Targeting different Scala versions
The Couchbase Scala SDK comes in different flavors for Scala 2.12, 2.13 and 3.3 LTS (which in turn supports apps built with Scala 3.3 through 3.7 inclusive).
Select the Scala flavor by activating exactly one of these Maven profiles:
scala-2(for Scala 2.12; this is the default)scala-2.13scala-3
Example:
./mvnw clean install -Pscala-2.13
IDE Configuration
IntelliJ
Scala code is automatically formatted on compile with the tool scalafmt. To make IntelliJ use the same settings:
In Editor -> Code Style -> Scala:
- Change formatter to scalafmt.
- Click 'disable' next to the EditorConfig warning.
- Check Reformat on file save.
(Run mvn validate in the terminal to force reformat.)
Branches and tags
This repository uses a unified versioning strategy.
Each component has the same version number, which is defined in .mvn/maven.config.
The master branch is where development for the next minor release happens.
Maintenance branches are named <major>.<minor>.x.
For example, the maintenance branch for minor version 3.9 is named 3.9.x.
Instead of committing directly to a maintenance branch, first commit to master and then cherry-pick to the maintenance branch if possible.
Historical branches
Before 3.9.0, components were versioned independently, and we named maintenance branches after supercomputers. This table shows the historical maintenance branches and the SDK versions associated with each branch.

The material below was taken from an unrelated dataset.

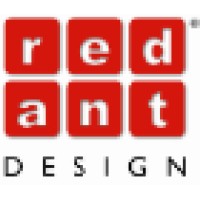 RedAnt Design cc logo, RedAnt Design cc contact details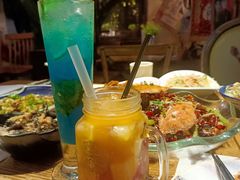 -胡桃里音乐酒馆(万科城市广场店)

| Branch | core-io | java-client | scala-client | kotlin-client |
|---|---|---|---|---|
colossus | 2.0 | 3.0 | 1.0 | |
pegasus | 2.1 | 3.1 | 1.1 | |
hopper | 2.2 | 3.2 | 1.2 | |
eos * | 2.3 | 3.3 | 1.3 | 1.0 |
frontier * | 2.4 | 3.4 | 1.4 | 1.1 |
titan | 2.5 | 3.5 | 1.5 | 1.2 |
fugaku | 2.6 | 3.6 | 1.6 | 1.3 |
selene † | 3.7 | 3.7 | 1.7 | 1.4 |
aurora | 3.8 | 3.8 | 1.8 | 1.5 |
3.9.x ‡ | 3.9 | 3.9 | 3.9 | 3.9 |
* We did not create maintenance branches for eos or frontier, but we did use these names in release tags.

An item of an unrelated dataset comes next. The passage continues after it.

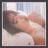 __________fM3's profile image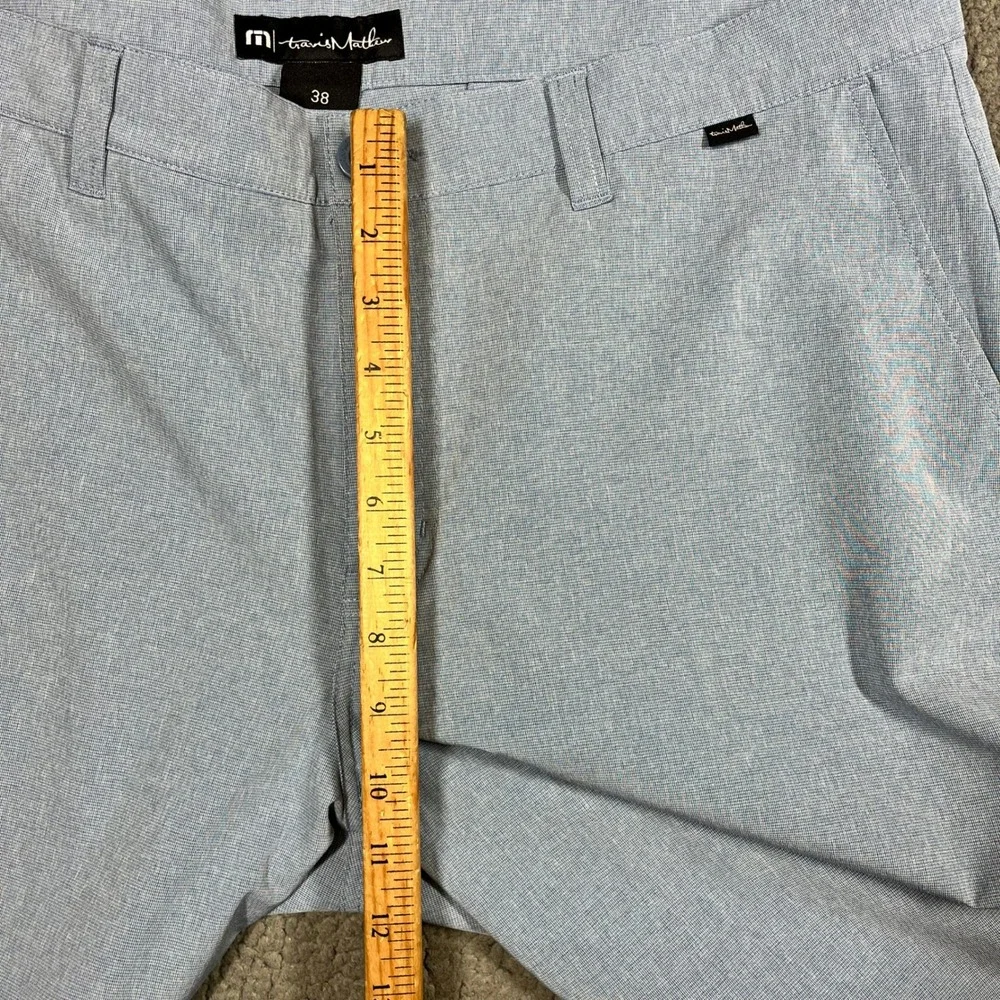 Travis Mathew travis mathew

† For selene we aligned the core-io version with the java-client version.
‡ Branch 3.9.x is included in this table to show how we aligned the SDK versions and started naming the branch after the version.
All subsequent versions follow this pattern.
Historical tags
Before 3.9.0, release tags included the component name, like java-client-3.6.0 or scala-client-1.6.0.